Well, today I wrote 2,137 words of my novel. In a project where I need to average 1,667 words per day I’m calling that a good start.
It’s an interesting part of the project. Since I’m writing the second novel of a three-to-five book story arc before I’ve written the first novel, the beginning of the novel involves a lot of exposition, basically laying down some of the backstory. I’m writing a recap of a story I haven’t told yet. It’s very fun because I have to have a lot of the details already worked out.
I have written some of the story of what I hope will be the first book, but only a few fragments. I have a lot outlined and I have a timeline of events going forward and back hundreds of years from the events of this story. Many of the details seem to fill themselves in.
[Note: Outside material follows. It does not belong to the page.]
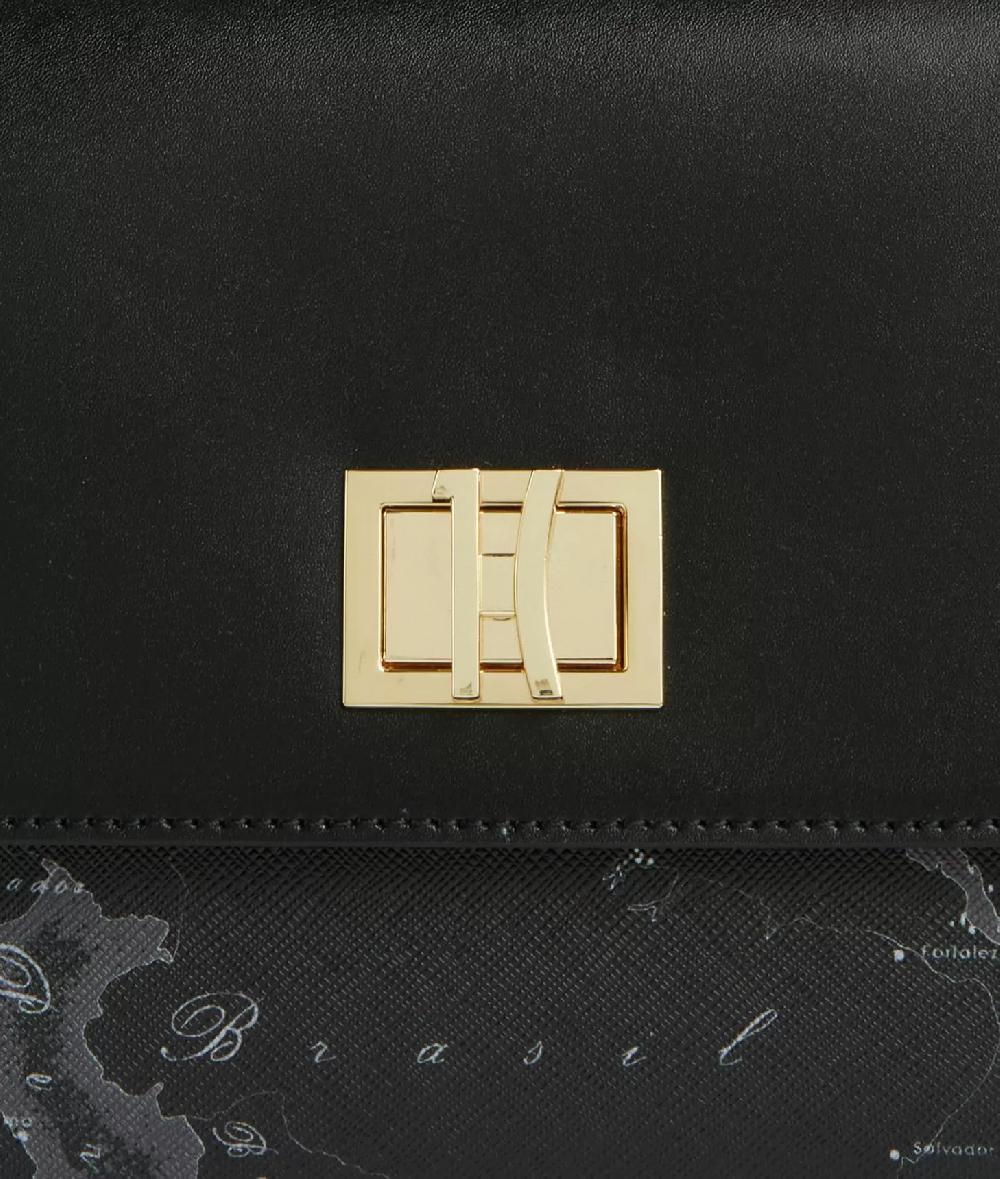 Alviero Martini 1a Classe Ideal Bag Tracolla Con Catena Geo Night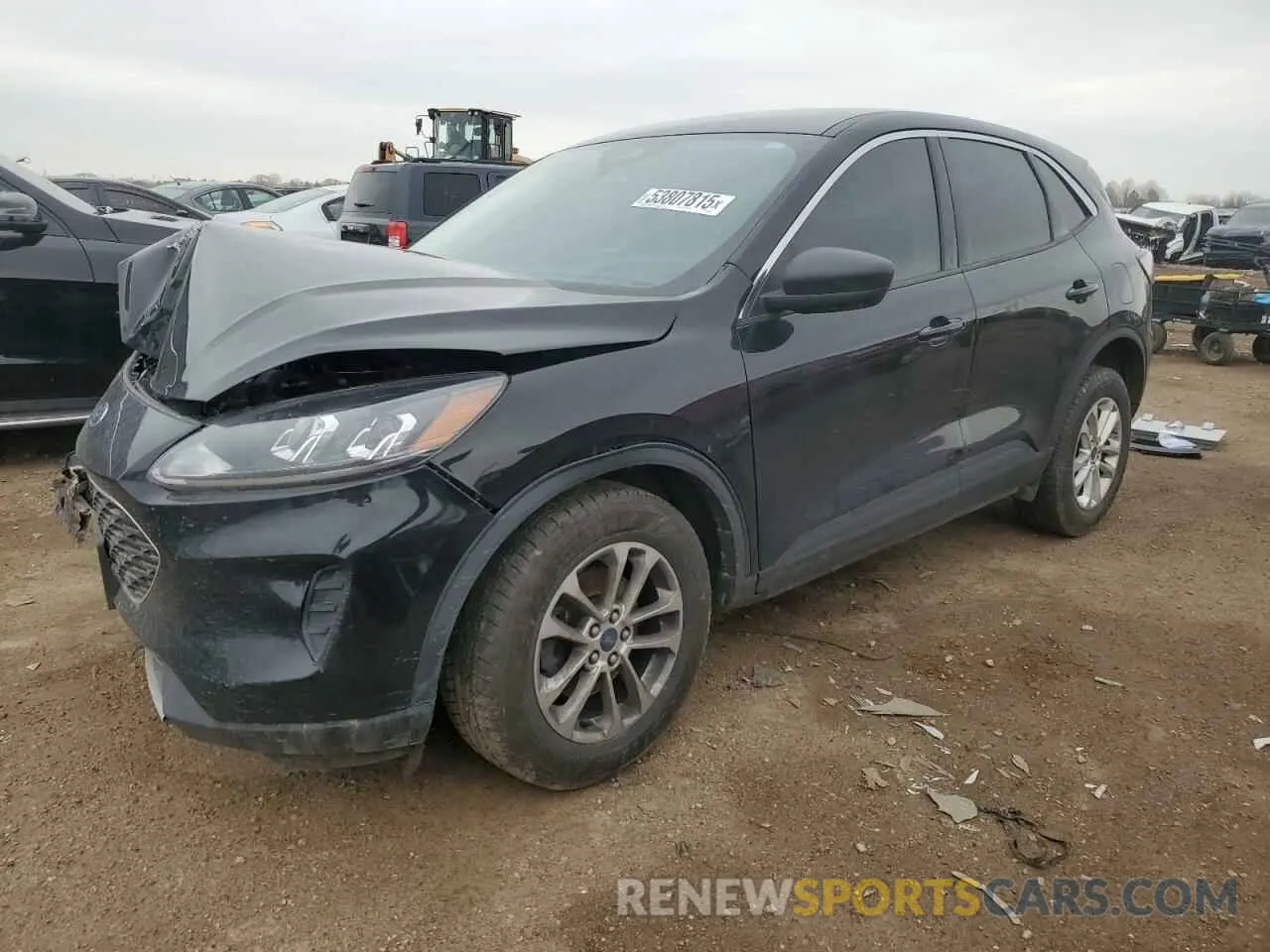 1 fotografías del automóvil dañado 1FMCU9G6XNUB10825 FORD ESCAPE 2022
At the close of this day, I’m observing something fantastic. Though I have only started, I have finished the day with a sense that I have accomplished something. This is a sense I haven’t felt in months, perhaps years. Whatever I’ve done has been, I don’t know. Perhaps the way to put it is that I haven’t done my own work since I moved out of my studio; certainly not since I moved out of San Francisco.
I don’t know what will become of this. There are 29 days to go in November and I have no illusions that even at 50,000 words it will be finished. I suspect that even if I get the whole story out it will still need a lot of expansion and fleshing-out. But that’s not what matters. What matters is getting the writing done and seeing if I continue to have this sense of accomplishment.